Provided entries:
========================================
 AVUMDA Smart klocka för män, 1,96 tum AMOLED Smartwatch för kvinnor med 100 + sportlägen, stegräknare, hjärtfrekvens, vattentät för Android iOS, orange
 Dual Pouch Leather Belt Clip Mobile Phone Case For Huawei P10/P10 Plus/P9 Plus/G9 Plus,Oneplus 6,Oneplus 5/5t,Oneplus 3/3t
========================================
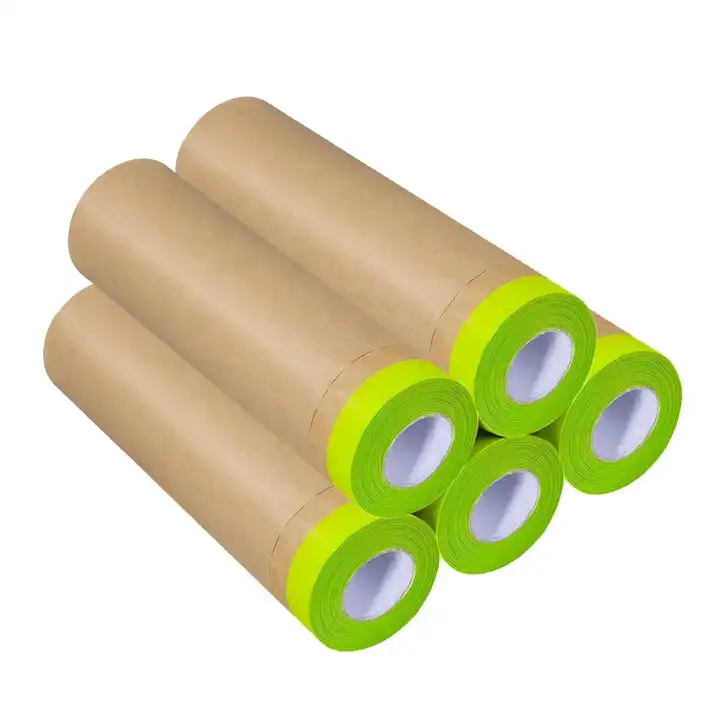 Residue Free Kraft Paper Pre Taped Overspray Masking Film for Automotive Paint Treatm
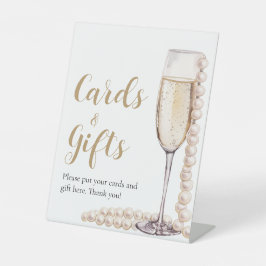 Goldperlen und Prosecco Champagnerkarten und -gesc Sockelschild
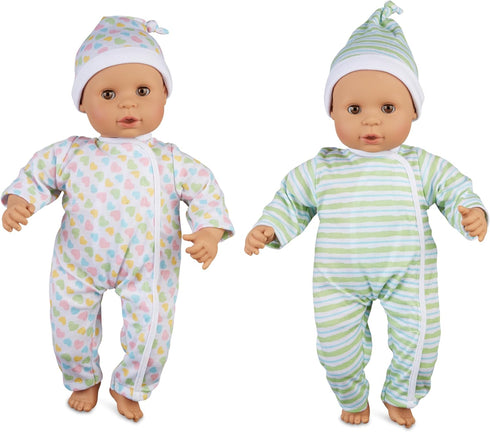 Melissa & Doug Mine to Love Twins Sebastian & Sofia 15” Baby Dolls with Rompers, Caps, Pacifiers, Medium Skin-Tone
========================================
Problem requirements: Could the stretch from the line with "Goldperlen und Prosecco" through the line with "Melissa & Doug" in the listing above be restated word for word, minus the pictures?

Solution for this problem:
 Goldperlen und Prosecco Champagnerkarten und -gesc Sockelschild
 Melissa & Doug Mine to Love Twins Sebastian & Sofia 15” Baby Dolls with Rompers, Caps, Pacifiers, Medium Skin-Tone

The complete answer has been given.